In our time in various leadership positions at the Pentagon, we’ve learned many important lessons. One of those might not seem so obvious: What is good for the U.S. economy sometimes creates very real challenges for our all-volunteer military. Low unemployment and hiring booms, while beneficial to the country, often make it very difficult for the armed services to recruit and retain talent.
A case in point is the growing shortage of fighter pilots. That shortfall is expected to grow from 500 to more than 700 pilots by the end of this fiscal year, a 21-percent gap between what we have and what we need to meet the requirements of our commanders around the world. It is a significant deficit and one that has gotten our closest attention. And the Air Force is not alone. The Navy and Marine Corps are facing parallel challenges as the commercial airline industry embarks on a prolonged hiring wave fueled by many of its senior pilots hitting mandatory retirement age. Add to that a recent change in requirements that new commercial airline pilots have 1,500 flight hours under their belts, and suddenly military-trained pilots become even more attractive than usual.

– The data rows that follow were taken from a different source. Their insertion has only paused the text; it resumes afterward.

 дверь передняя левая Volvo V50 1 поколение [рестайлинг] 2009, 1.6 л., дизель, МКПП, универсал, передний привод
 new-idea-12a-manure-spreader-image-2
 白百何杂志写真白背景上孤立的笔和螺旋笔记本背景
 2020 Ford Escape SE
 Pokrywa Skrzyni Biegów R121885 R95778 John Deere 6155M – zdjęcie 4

Aside from an airline hiring surge, there are other reasons for the Air Force’s pilot shortfall, from dramatically reduced flying hours for the high-end fight as a result of Pentagon budget cuts to a perceived falloff in quality of life when they return from deployments overseas. Make no mistake, this is a quiet crisis that will almost certainly get worse before it gets better.

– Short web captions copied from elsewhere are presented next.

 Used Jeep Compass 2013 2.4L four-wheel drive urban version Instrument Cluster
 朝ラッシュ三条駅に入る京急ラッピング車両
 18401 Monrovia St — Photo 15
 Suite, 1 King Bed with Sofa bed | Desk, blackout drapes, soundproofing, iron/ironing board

Our charge as leaders is to meet this challenge head on, with practical, common sense solutions that attack the root causes and give our Airmen compelling reasons to stay. Our military pilots, just like their commercial aviation counterparts, are essential to ensuring that our nation’s defense and commerce stay strong.

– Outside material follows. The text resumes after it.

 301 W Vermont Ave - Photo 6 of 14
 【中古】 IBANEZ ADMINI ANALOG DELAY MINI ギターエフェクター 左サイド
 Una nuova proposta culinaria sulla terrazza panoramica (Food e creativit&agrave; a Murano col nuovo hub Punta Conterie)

The Air Force has faced fighter pilot shortages before – often related to cyclical hiring peaks in the private sector – but this one has the potential to be more damaging. After 25 years of continuous combat, the Air Force is as busy as we have ever been, but we are also smaller than we have ever been. Consequently, we have less margin for error when it comes to filling our cockpits and addressing personnel shortages. Unlike many private-sector companies, which can fill vacancies by simply tapping an experienced and flexible labor pool, the military has to grow its own set of skilled specialists, and that can take years.
With that in mind, we are moving aggressively to reverse the trends and improve pilot retention. We are ramping up the production of new pilots, working to get help for fighter squadrons burdened with time-consuming administrative duties and looking closely at additional compensation. Congress has heard the alarm bells and there is a proposal on Capitol Hill right now that would increase the annual bonus given to mid-career pilots who choose to remain in uniform. The current annual bonus offered to pilots of manned aircraft – $25,000 per year – has not changed since 1999 and its value has been impacted by inflation.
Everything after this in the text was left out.